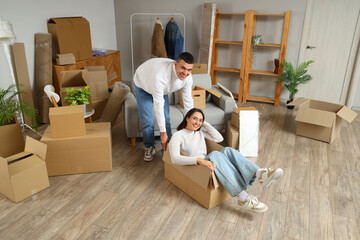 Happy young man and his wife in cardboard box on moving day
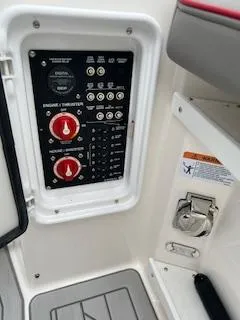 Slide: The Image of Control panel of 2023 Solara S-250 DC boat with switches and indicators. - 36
...
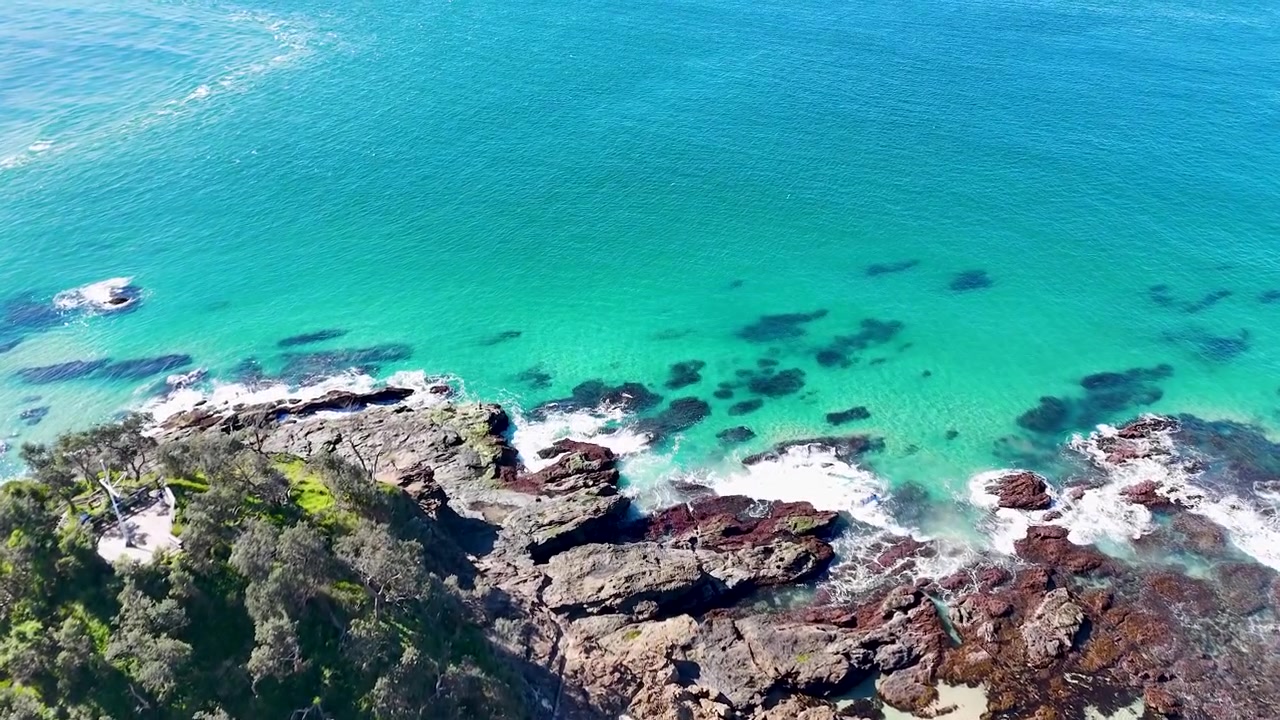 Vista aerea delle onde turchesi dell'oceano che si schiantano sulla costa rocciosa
---
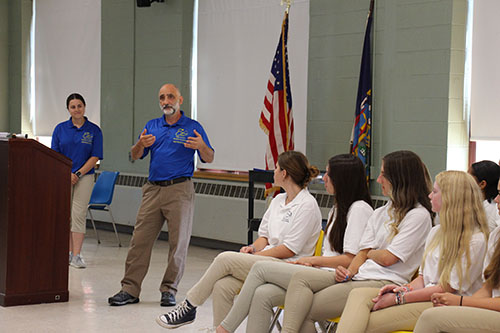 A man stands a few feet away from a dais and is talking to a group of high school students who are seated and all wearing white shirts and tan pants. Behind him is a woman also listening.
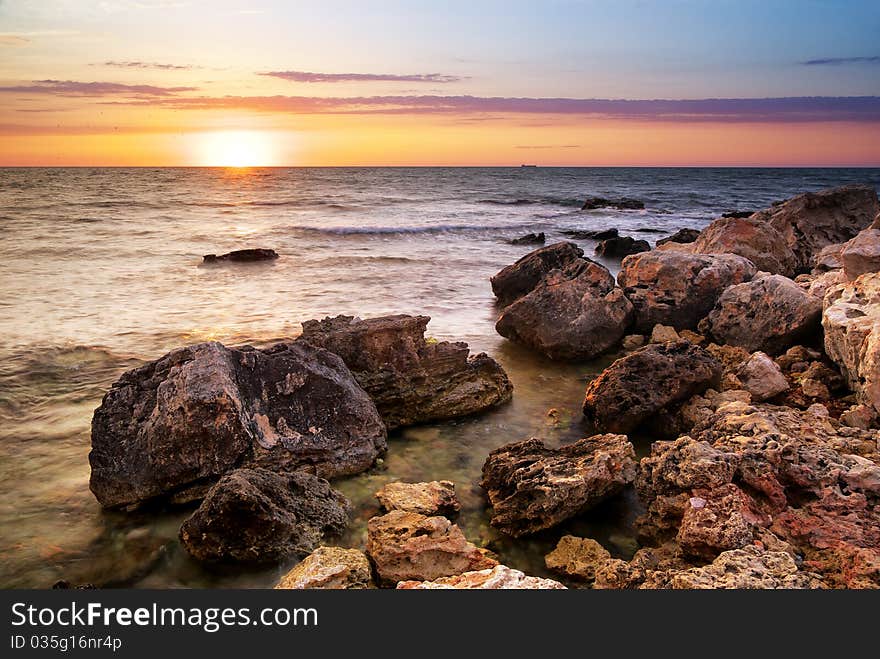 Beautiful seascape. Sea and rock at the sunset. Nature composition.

How to complete this task: Copy only the lines above from the one containing "Happy young man" through the one containing "Slide: The Image", both included. Leave out the pictures.

Exercise answer:
 Happy young man and his wife in cardboard box on moving day
 Slide: The Image of Control panel of 2023 Solara S-250 DC boat with switches and indicators. - 36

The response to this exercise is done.